Mülkün sultanları halka "Yort savul!" desinler diye kendilerine kullar edinir, onlara maaş öderler. Zaman zaman da halk arasına karışıp bu nidayı duymak, ödedikleri maaşın karşılığını görmek arzu ederler. Lakin cihanda öyle kullar da vardır ki hal diliyle Cihanın Sultanı adına durmadan "Yort savul!" mesajı yayarlar. Bunun için maddî bir ücret almazlar. Çünkü bunun ücreti Sultan katındaki itibarın yükselmesiyle ödenir. Belki karşılığında Sultan'a yakınlık derecesini artırmak ve terfi umulur. Üstelik onlar, Sultan'a teşekkür için, belki verdiği nimetlerin şükrü için durmadan "Yort savul!" demeye can atarlar.

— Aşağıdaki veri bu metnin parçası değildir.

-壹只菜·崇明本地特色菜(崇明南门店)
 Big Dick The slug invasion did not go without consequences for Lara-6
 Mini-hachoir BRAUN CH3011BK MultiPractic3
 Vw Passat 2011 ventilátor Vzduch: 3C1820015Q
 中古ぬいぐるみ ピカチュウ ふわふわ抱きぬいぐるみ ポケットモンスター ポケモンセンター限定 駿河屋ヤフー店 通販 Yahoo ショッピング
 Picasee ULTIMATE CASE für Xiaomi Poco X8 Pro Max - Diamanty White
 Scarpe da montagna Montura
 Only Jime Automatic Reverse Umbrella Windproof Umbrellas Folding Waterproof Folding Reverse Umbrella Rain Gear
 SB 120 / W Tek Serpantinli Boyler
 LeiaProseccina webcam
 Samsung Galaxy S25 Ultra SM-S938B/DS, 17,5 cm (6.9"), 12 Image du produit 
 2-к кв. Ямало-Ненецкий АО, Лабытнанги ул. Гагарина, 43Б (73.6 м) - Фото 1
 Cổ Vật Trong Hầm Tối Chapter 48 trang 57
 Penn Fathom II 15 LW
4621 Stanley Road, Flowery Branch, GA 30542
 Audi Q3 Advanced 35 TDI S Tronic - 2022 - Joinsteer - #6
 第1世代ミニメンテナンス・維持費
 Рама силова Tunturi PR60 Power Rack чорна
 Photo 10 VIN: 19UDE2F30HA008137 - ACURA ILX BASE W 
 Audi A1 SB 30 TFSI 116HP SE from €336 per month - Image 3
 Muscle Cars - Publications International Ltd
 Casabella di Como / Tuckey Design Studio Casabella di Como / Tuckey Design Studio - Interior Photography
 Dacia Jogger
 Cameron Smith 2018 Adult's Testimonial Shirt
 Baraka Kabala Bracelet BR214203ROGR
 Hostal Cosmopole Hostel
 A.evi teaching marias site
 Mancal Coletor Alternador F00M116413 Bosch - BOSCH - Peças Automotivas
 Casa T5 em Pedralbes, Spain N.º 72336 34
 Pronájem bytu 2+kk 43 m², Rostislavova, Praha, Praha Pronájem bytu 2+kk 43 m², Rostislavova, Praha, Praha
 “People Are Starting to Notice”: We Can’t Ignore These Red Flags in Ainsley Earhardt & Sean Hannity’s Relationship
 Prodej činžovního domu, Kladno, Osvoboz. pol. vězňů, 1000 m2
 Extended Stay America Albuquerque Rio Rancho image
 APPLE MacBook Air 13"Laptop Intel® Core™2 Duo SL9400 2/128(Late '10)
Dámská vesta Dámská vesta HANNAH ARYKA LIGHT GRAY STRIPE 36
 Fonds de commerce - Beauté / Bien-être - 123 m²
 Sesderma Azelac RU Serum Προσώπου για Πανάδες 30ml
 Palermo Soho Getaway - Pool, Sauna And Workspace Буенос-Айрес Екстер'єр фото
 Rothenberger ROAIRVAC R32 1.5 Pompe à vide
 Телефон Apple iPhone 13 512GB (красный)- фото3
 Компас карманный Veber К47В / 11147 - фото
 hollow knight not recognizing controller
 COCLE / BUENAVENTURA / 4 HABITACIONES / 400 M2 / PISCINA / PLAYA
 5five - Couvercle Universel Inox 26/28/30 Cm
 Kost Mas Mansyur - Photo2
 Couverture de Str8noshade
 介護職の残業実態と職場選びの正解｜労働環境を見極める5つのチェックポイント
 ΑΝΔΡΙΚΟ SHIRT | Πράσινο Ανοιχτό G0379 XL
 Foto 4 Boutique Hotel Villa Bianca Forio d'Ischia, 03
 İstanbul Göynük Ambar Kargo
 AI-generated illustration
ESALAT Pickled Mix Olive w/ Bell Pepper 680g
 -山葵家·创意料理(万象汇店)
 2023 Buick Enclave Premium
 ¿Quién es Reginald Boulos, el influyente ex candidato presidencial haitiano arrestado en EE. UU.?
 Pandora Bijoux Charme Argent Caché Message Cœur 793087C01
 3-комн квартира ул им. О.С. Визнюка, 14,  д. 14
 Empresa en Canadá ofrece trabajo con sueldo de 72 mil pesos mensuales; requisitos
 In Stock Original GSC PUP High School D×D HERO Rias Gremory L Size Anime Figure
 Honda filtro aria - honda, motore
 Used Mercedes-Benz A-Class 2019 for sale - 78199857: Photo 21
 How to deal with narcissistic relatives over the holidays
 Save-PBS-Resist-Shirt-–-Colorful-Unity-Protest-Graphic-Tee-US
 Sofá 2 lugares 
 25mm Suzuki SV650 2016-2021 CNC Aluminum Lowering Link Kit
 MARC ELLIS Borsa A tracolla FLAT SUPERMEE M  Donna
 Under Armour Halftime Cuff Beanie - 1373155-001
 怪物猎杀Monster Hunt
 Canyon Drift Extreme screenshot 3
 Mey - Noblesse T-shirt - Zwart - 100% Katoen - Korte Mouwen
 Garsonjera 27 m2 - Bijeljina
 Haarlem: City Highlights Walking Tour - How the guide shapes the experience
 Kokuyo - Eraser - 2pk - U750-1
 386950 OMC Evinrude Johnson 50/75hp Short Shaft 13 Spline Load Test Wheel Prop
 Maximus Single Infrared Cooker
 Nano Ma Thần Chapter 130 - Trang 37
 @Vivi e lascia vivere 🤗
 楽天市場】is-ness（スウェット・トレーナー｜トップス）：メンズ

Çevrenize bir bakın, ağaçlardan kuşlara, denizlerden dağlara her bir kıpırdanış, her bir hareket, her bir düzen, her bir ses, her bir beden, ta kelebeğin kanadından okyanuslardaki fırtınalara, göklerin dönüşünden damarlardaki kan dolaşımına kadar her şey, her saniyede Cihanın Sultanı için "Yort savul!" nidasıyla çığlıklar koparmakta. Gel gelelim zavallı insanın sağır olan kulakları bunu duymuyor. Duyan, elbette Cihanın Sultanı. Tam da duymak istediği şekilde duyuyor.

O halde Allah'ı idrak içinde olan insanın kulluğudur ki Allah'ın sultanlığına değer katar. Eğer kulaklarımızdaki pası giderebilirsek her saniye bir "Yort savul!" nidasına muhatap olacağımızdan şüphe duymayız. Bu nidayı duyunca da kişiye elbette "kul" olmak düşer. Şeb-i arus ile ruhu şad olası hazret-i pir Mevlânâ, bir rubaisinde der ki: "Ben kul oldum, kul oldum, kul oldum!.. Ben kul, utanarak başımı önüme eğiyorum. Her kul azad edilince, kulluktan kurtulunca sevinir; halbuki ben Sen'in kulun olduğum için seviniyorum!"